Hyperplastic and giant kidney
ICD-10 Q63.3 is a billable code used to indicate a diagnosis of hyperplastic and giant kidney.
Hyperplastic and giant kidney refers to a congenital malformation characterized by an abnormally enlarged kidney due to hyperplasia of renal tissue. This condition can lead to various complications, including hypertension, renal insufficiency, and urinary tract obstruction. It is often associated with other congenital anomalies of the urinary system, such as renal agenesis, where one or both kidneys fail to develop, and polycystic kidney disease, which involves the formation of numerous cysts in the kidneys. Additionally, conditions like bladder exstrophy and posterior urethral valves may coexist, complicating the clinical picture. Diagnosis typically involves imaging studies such as ultrasound or MRI, which can reveal the size and structure of the kidneys. Management may require surgical intervention, especially if there are associated urinary tract obstructions or significant renal impairment. Early detection and intervention are crucial to prevent long-term complications and improve outcomes for affected children.
Detailed pediatric history, physical examination findings, and imaging results are essential for accurate coding.
Pediatric patients presenting with abdominal distension, hypertension, or urinary tract infections may require evaluation for hyperplastic kidneys.
Consideration of growth and development milestones in pediatric patients is crucial for understanding the impact of renal anomalies.
Genetic testing results, family history of congenital anomalies, and chromosomal analysis are important for comprehensive coding.

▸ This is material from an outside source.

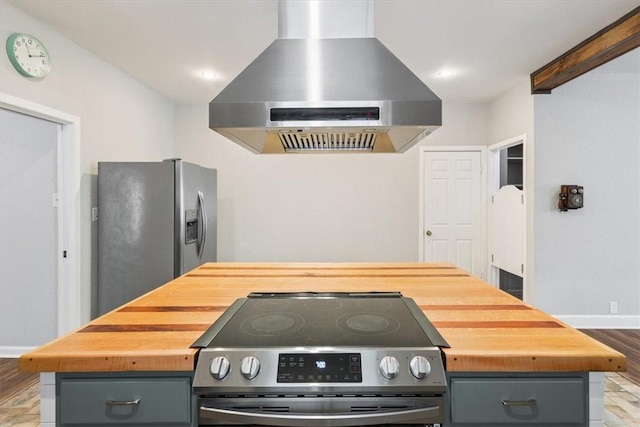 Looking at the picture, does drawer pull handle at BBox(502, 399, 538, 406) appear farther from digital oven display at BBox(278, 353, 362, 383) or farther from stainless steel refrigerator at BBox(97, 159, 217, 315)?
stainless steel refrigerator at BBox(97, 159, 217, 315)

Patients with a family history of renal anomalies may undergo genetic counseling and testing to assess risk for hyperplastic kidneys.
Understanding the genetic syndromes associated with renal anomalies can aid in accurate coding and management.
Used when surgical intervention is required for hyperplastic kidneys.
Surgical reports detailing the procedure and indications for surgery.
Pediatric surgeons must document the rationale for surgical intervention in congenital cases.
Common associated conditions include renal agenesis, polycystic kidney disease, bladder exstrophy, and posterior urethral valves. Accurate coding requires documentation of these associated anomalies.